Theme: Basic assumptions and a world in crisis
In his seminal Experiences in Groups, the British object-relational analyst Wilfred Bion (1961) works psychoanalytic concepts into a delicate theory of human relationality and sociality – something he captured in the term “groupishness” (Schneider 2015, p. 416). Informed by his experiences as a doctor at a military psychiatric hospital during World War II, Bion saw the basic human need for, but also struggle with, sociality to lie in primitive phenotypical forms of reaction-formation that he located, not at the individual, but at the group level.
Bion (1961) identified three of these “basic assumptions,” as he called them, as predominant in shaping the character of a group, specifically, the basic assumptions of dependency, pairing and fight-flight.
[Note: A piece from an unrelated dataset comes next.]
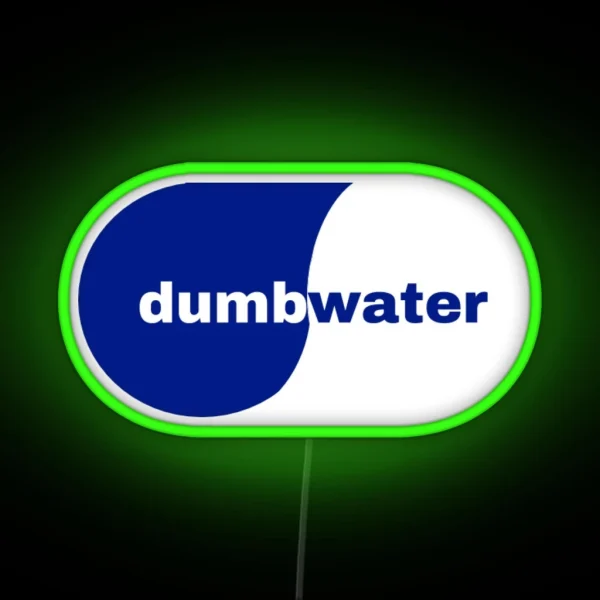 Dumb Water Smart Water Logo RGB Neon Sign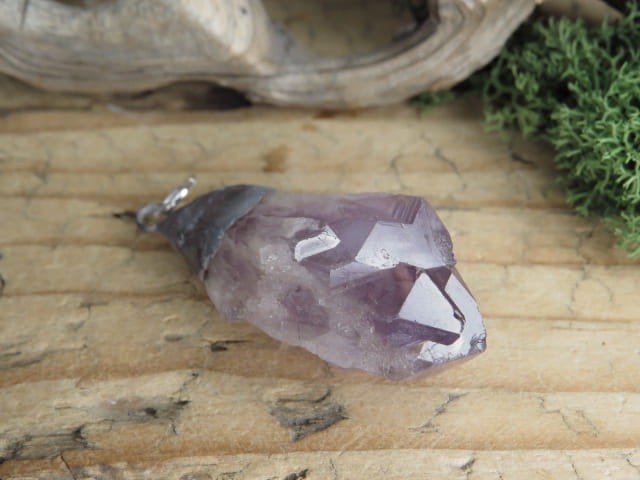 ametyst  kryształ * wisior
In a group in which dependency predominates, group members “think they need only wait for a single sustaining leader who will solve all their problems” (Bion, 1961, p. 82). In a group shaped by dynamics of pairing, “the group members participate in the creativity of a pair of individuals to produce a savior or saving idea, providing ‘a Messiah, be it a person, idea, or Utopia’” (Schneider 2015, p. 426, quoting Bion, 1961, p. 152). Finally, in a group in which the basic assumption is fight/flight, group members identify an enemy and group around either fighting this enemy or fleeing from them.
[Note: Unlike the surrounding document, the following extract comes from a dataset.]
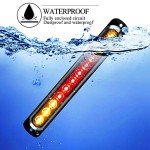 12-LED Amber & Red Emergency Strobe Light Bar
“The central feature of basic assumption behavior,” writes object-relational theorist Larry Hirshhorn (1990), “is the rapidity and ease with which groups take up and display these assumptions. They do not go through a process of group development; rather, the group magically creates a group culture or climate” (p. 57). All too quickly, groups are drawn to such magical forms of interaction in a primitive defence against the looming necessity to think and, as Bion put it, in “a hatred of having to learn by experience” (Bion, 1961, p. 89).
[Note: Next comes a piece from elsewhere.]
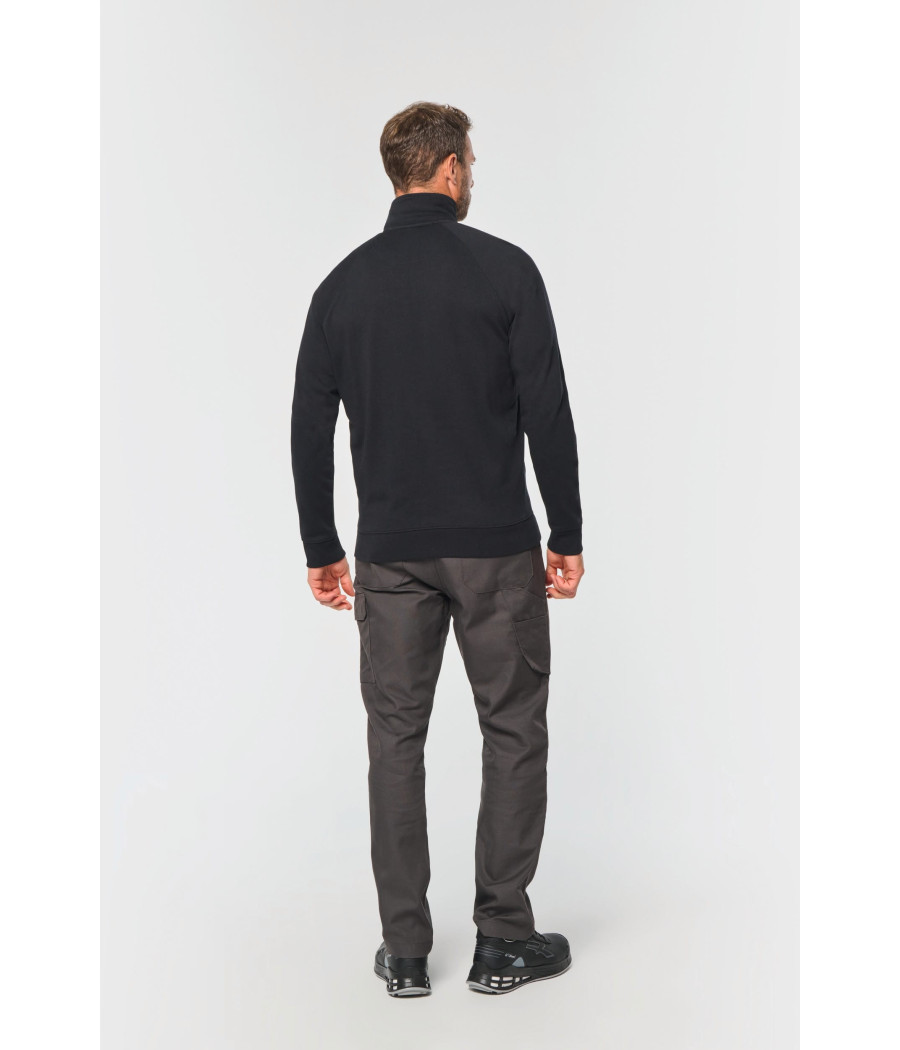 Veste molleton coton manches raglan unisexe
Building on – and departing from – Bion’s theory of group analysis, the 2023 annual meeting of the International Research Group for Psycho-Societal Analysis (SQUID) at the International University Center in Dubrovnik (Croatia) is dedicated to in-depth inquiries of group processes and ‘the group’ as a central relay station for psycho-societal and psychosocial thought in times of exacerbating crises, be they social, political, economic, or ‘anthropocenic.’ We will look into and seek to apply group analytical approaches at four levels: first, at the level of group theory in general (e.g., How does Bion’s approach differ from Foulkes and others?); second, at the more specific level of in-depth hermeneutics (e.g., How do group analytical approaches correspond and/or differ from Alfred Lorenzer’s conception of psychoanalytic hermeneutics and interpretation groups?); third, at the level of the challenges that these theories pose for reflections on our own “groupishness” (e.g., How does the ‘we’ of our own research group function? How can it be put to work in a careful and progressive way?); and fourth, at the level of wider questions about the world and our access to it (e.g., What does a focus on psychoanalytic group psychology tell us about the manifold human-made crises that human-beings, together with all living species, are currently facing?).
References
Bion, W. R. (1961), Experiences in Groups, London: Tavistock.
Hirschhorn, L. (1990), The Workplace Within – Psychoanalysis and Organizational Life, London and Cambridge MA: MIT.
Schneider, J. A. (2015), “Bion’s Thinking about Groups: A Study of Influence and Originality,”, The Psychoanalytic Quarterly, Volume LXXXIV, Number 2, 415–440.